# Got Muscles



## Black Rabbit (Nov 14, 2009)

I am just so proud of my boy  We've been doing some good flirt pole sessions and his muscles are really starting to pop. What do you guys think?


----------



## x-Marky-x (Mar 2, 2010)

Oh la la. Look at him!  Getting ripped. (":


----------



## Black Rabbit (Nov 14, 2009)

He makes me so proud. He's come a long long way. He was so tiny and skinny when we rescued him from his first owner.


----------



## Nizmo (Jan 15, 2009)

i think he's a good looking doggie


----------



## leatherman-cowboy (Feb 10, 2010)

*Ripped*

Hey kg420
Nothing like seeing your dog mature and grow strong.We all love that about the Bullys.
Looking good.
Thank you,
Henry


----------



## Black Rabbit (Nov 14, 2009)

Thanks guys he makes me so proud


----------



## purple93lowrider (Mar 25, 2008)

he's looking really good keep up the good work


----------



## Black Rabbit (Nov 14, 2009)

Thanks  I can't wait to see what he'll look like next year


----------



## performanceknls (Apr 4, 2009)

He's starting to look good!
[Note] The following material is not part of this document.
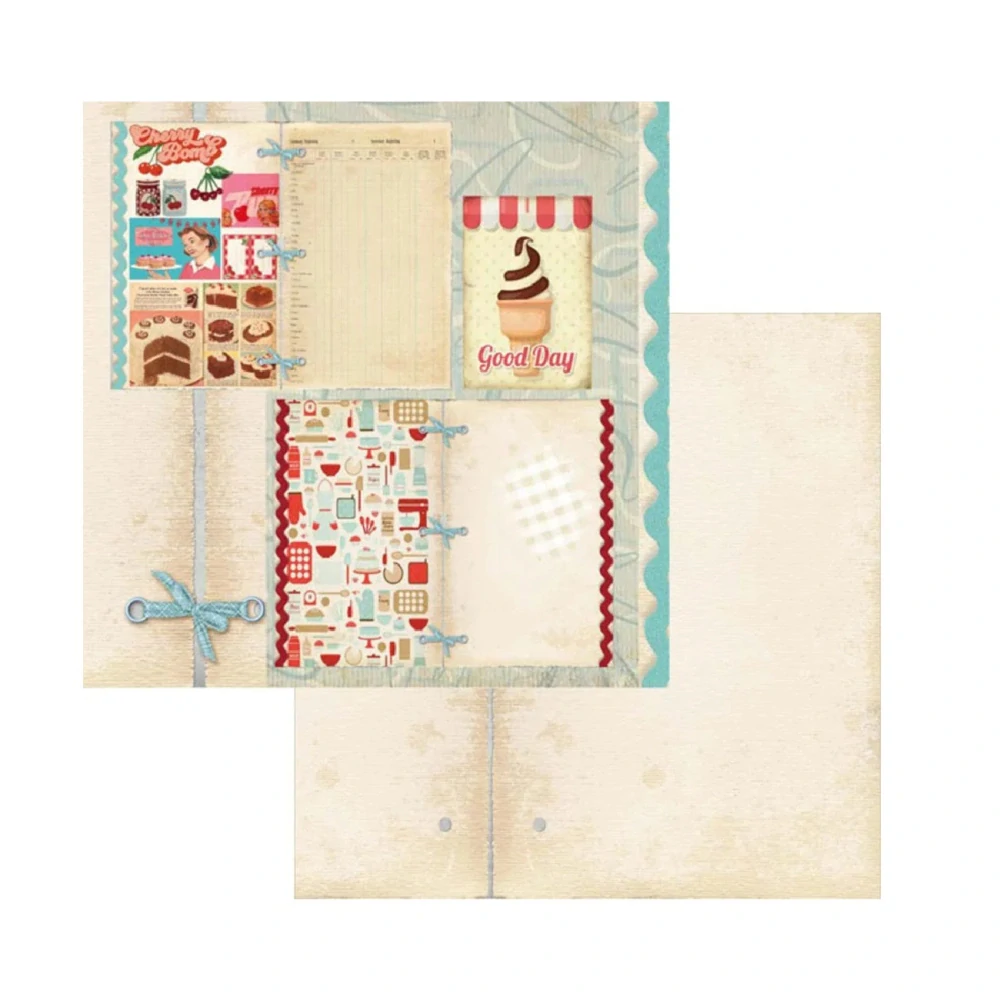 Memory Place Scrapbook papier Vintage recipes 12x12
Nice to him mature I love the action shots


----------



## Cujo's Mom (Feb 3, 2010)

looking good... Dosia is chiseled!


----------



## aimee235 (Apr 29, 2007)

This one is my favorite


kg420 said:


>


----------



## PrairieMoonPits (Dec 16, 2009)

He's turning into quite the sexy lil man  Careful I may need to come and take him  JK but he's looking awesome I hope Kratos turns out half as good Yuna is starting to come into her muscles one of these days I'll take some good pics of her muscles


----------



## Patch-O-Pits (Jan 12, 2008)

Looking good!


----------



## Black Rabbit (Nov 14, 2009)

performanceknls said:


> He's starting to look good! Nice to him mature I love the action shots


Thanks Lisa I've been trying to whip his butt into shape lol 


Cujo's Mom said:


> looking good... Dosia is chiseled!


Thanks  can you say beefcake 


aimee235 said:


> This one is my favorite
> 
> 
> kg420 said:
> ...


----------



## rednose_momma (Mar 16, 2010)

i really like the first picture it really shows off his shoulder muscles and the expression is priceless-also try alot of tug-o-war it really gets the chest muscles to pop-oh and run him about 3 miles a day will make those back legs look like he is smuggling hams


----------



## Firehazard (Dec 4, 2009)

You already know I like your tree creeper; Dosia, tree climbing dogs leave the ****/bobcat no where to go. He has the potential to be an unsurpassed athlete, Im a lil' po dunk like that though, I like dogs with outstanding personality, endless drive, and yes that same athletic ability, anything I can hunt with. Good Stuff!


----------



## apbtmom76 (Nov 4, 2008)

Oh wow Krystal he is lookin sharp, his shoulder muscles are defining nicely, He is a good looking boy , keep up the great work


----------



## NinaThePitbull (Feb 10, 2010)

He doesnt look so much like a puppy anymore.

Are you like me?

Do you always imagine your dogs being sweet little pups and being shocked when you see their photos, or am I the only one? The great weather and flirt sessions are really showing their results. I love the spring!


----------



## Black Rabbit (Nov 14, 2009)

rednose_momma said:


> i really like the first picture it really shows off his shoulder muscles and the expression is priceless-also try alot of tug-o-war it really gets the chest muscles to pop-oh and run him about 3 miles a day will make those back legs look like he is smuggling hams


 Thanks. Tug of war with Dosia is not happening for me he's too big now lol. He just drags me across the yard and I always hurt my hands lol. He loves his spring pole though 


Firehazard said:


> You already know I like your tree creeper; Dosia, tree climbing dogs leave the ****/bobcat no where to go. He has the potential to be an unsurpassed athlete, Im a lil' po dunk like that though, I like dogs with outstanding personality, endless drive, and yes that same athletic ability, anything I can hunt with. Good Stuff!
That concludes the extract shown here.